Сфинкс умолкла. Пары΄ рассеялись, треножник рядом с пифией опустел. Тиресий опять превратился в огромную тень, сливавшуюся с глыбами тесаного камня, громоздившимися друг на друга перед главным порталом, в проеме которого белел силуэт Сфинкс.

– А потом я стала возлюбленной своего сына. Многого не расскажешь о тех его счастливых днях, – произнесла после долгого молчания Сфинкс, – счастье не терпит лишних слов. До Эдипа я презирала людей. Они изолгались и, утратив естественность, не догадывались, что загадка – у какого из всех живущих на земле существ меняется в течение его жизни число ног: утром оно ходит на четырех, днем на двух, а вечером на трех, и когда оно ходит на четырех ногах, тогда меньше всего у него сил и оно медленнее всего двигается – имела в виду их самих, потому–то я без числа и отправляла их, не сумевших дать разгадку, на растерзание своим львицам. Они кричали о помощи, когда львицы рвали их на части, я не помогала им, я только смеялась.

Но когда пришел Эдип, хромая, из Дельф и ответил мне: Это человек, который ползает, пока он мал и слаб, на четвереньках, ходит в зрелом возрасте прочно на двух ногах, а в старости опирается на палку, – я не бросилась вниз с горы Фикион. Ради чего? Я стала его возлюбленной. Он никогда не спрашивал меня о моем происхождении. Он заметил, конечно, что я жрица, и, будучи набожным человеком, помнил о запрете сожительства с одной из них, но, поскольку он все же жил со мной, он притворялся неведущим и не задавал мне никаких вопросов относительно моей былой жизни, а я не расспрашивала его, даже не интересовалась его именем, чтобы не повергнуть его в смущение.
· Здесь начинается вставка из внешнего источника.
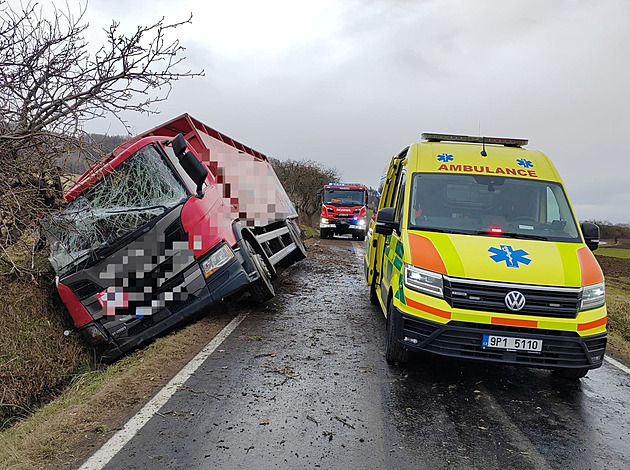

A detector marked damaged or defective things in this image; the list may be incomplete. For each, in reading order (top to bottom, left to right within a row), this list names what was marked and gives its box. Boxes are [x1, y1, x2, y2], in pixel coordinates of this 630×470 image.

damaged windshield [45, 143, 188, 272]
crashed truck [44, 113, 306, 360]
damaged windshield [410, 173, 584, 242] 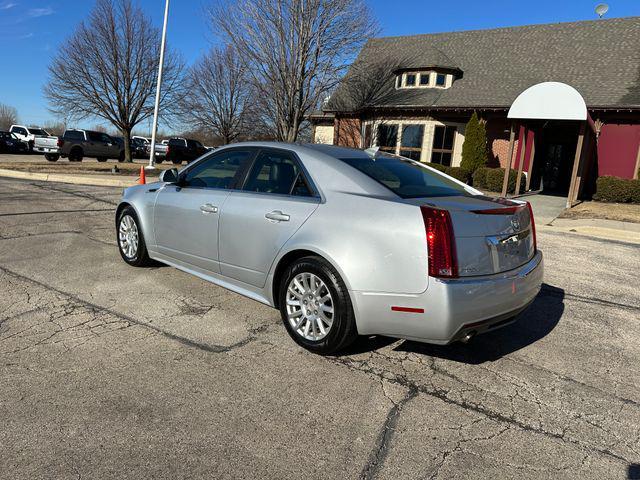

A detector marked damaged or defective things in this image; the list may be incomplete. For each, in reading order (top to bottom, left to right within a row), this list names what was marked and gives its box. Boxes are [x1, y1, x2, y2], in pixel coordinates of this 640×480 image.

cracked pavement [0, 178, 636, 478] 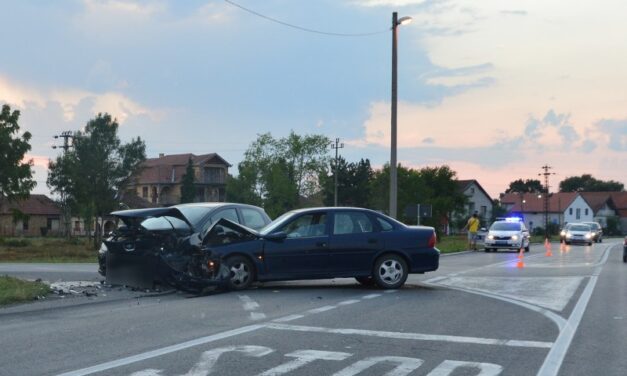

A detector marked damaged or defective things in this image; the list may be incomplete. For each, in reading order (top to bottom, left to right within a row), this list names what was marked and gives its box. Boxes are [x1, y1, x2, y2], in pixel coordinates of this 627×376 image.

damaged car [99, 203, 272, 290]
damaged car [202, 207, 442, 290] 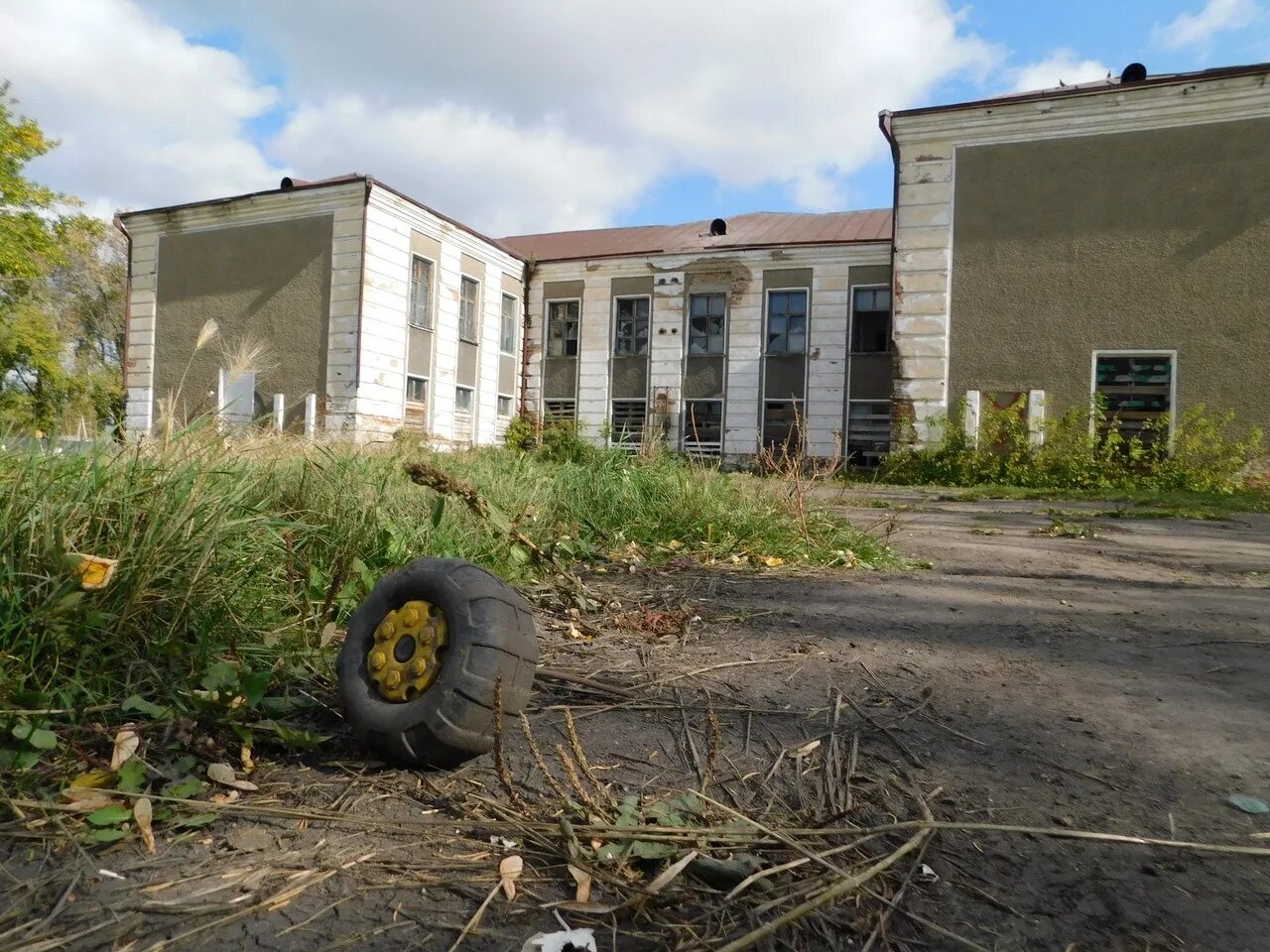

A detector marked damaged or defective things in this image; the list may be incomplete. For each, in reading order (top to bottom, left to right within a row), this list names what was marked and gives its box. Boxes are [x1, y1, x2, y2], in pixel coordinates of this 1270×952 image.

Я хорошо понимала, что, открыв мне свое имя и свое происхождение, он стал бы опасаться Гермеса, в чьи жрицы я была посвящена и кому отныне стало бы известно и его имя, ведь, как все набожные люди, он считал богов ужасно ревнивыми, а может, у него было предчувствие, что, выпытав у меня о моем происхождении, о чем он, собственно, должен был бы полюбопытствовать, как всякий любящий, он наткнулся бы на то, что я его мать. А он боялся узнать правду, и я боялась того же. Так он не знал, что он мой сын, а я – что я его мать. Счастливая, что у меня есть любимый, которого я не знаю и который не знает меня, я вернулась со своими львицами назад в свое святилище в горах Киферона; Эдип приходил ко мне все чаще и чаще, наше счастье было непорочным, как и сама сокровенная тайна.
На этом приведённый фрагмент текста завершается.